Mark Turgeon could never have possibly imagined what he was watching.
His Maryland Terrapin team had been completely outplayed for the first thirty minutes of their second round NIT game against a small Denver University Pioneer team. Denver’s Princeton style offense had completely frustrated the Terps throughout the game and had made the significant Maryland height advantage a moot point.
So Turgeon did something completely out of the box in an effort to press one last button to see if his team could survive the Pioneers. He had every one of his interior players sit on the bench in favor of a five guard lineup that had never practiced together, let alone played in a game together.
Instead of employing a traditionally structured offense the Terps spread the floor and attacked Denver off the dribble incessantly the last ten minutes of the game.
While guards Seth Allen and Nick Faust attacked the basket at will, Turgeon’s true stroke of genius was saved for the role of sophomore guard Dez Wells. Wells had already enjoyed a huge couple of weeks with his stellar play attacking the basket from all angles but with the radical lineup change in place he found himself positioned solely on the block close to the basket.
And he completely took over the game.
Using the four guards and Dez attack, the Terps turned a 48-39 deficit with nine minutes remaining into a thrilling 62-52 win over a solid Denver team. For those of you scoring at home, that means they closed the game out on a 23-4 run to win the game. Wells scored nine points in that stretch and anchored Maryland on the backboards.
You never really know what kind of play will change the direction of a game like this but, in retrospect, this one was easy to figure after the fact.
With Maryland trailing by 48-39 inside the nine minute mark Allen missed a contested jumper and it was rebounded by Denver guard Royce O’Neale. After the rebound, Maryland’s Jake Layman reached in to try and pry the ball loose. As he did so, he was whistled for a foul. Simultaneously, O’Neale threw an elbow that landed squarely on Layman’s jaw, buckling his knees.
As per NCAA rule, the officials took a look at the replay and ruled the elbow to be a Flagrant One foul. After O’Neale’s bonus opportunity on the Denver end, the Terps would have two free throws of their own and get the basketball out of bounds.
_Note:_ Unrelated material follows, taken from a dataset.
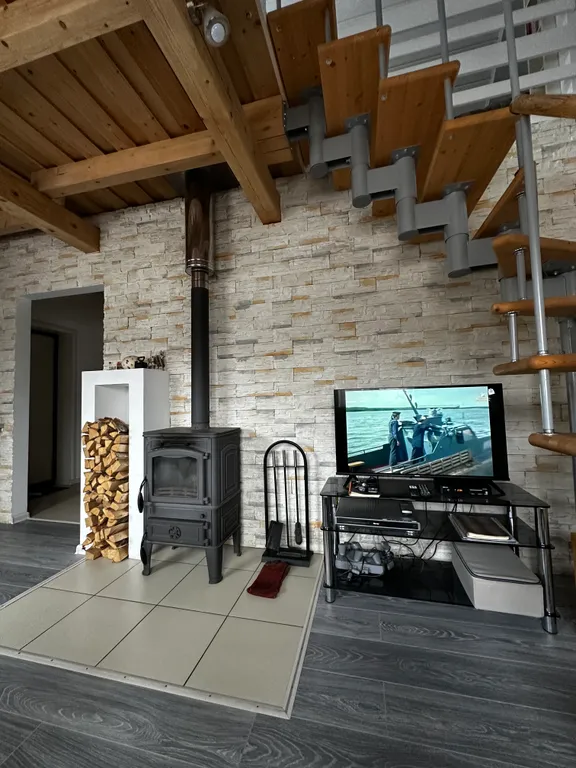 Домик близ Сорочан с баней-бочкой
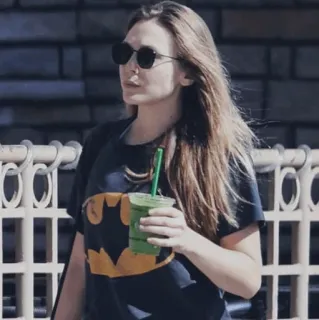 ◾️ 338cbb28 Batman, Elizabeth Olsen, selebriti, kaos, wanita, kacamata hitam telegram sticker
With the Pioneers holding that nine point lead, O’Neale missed the front end of his opportunity. Faust responded to that by swishing a pair on the Maryland end and by adding another free throw on the ensuing possession. Instead of Denver being able to increase the lead to 11, the Terps had pared the lead to six after the foul shots.
In addition to the lead dwindling, the small Maryland crowd was now fully invested in the game as a result of the foul.
In the five minutes after the foul was called, the Terps went on a 14-2 run to seize a 53-50 lead. After Denver scored to cut the lead back to one at 53-52 at the three minute mark, the Terps went on a “nails in the coffin” 9-0 run to close out the Pioneers and the game.
The win improved the Terps to 24-12 on the season and set up a date next Tuesday against the winner of the Stanford-Alabama game scheduled for Saturday. The winner of that game earns the chance to play in Madison Square Garden in the tournament semifinals.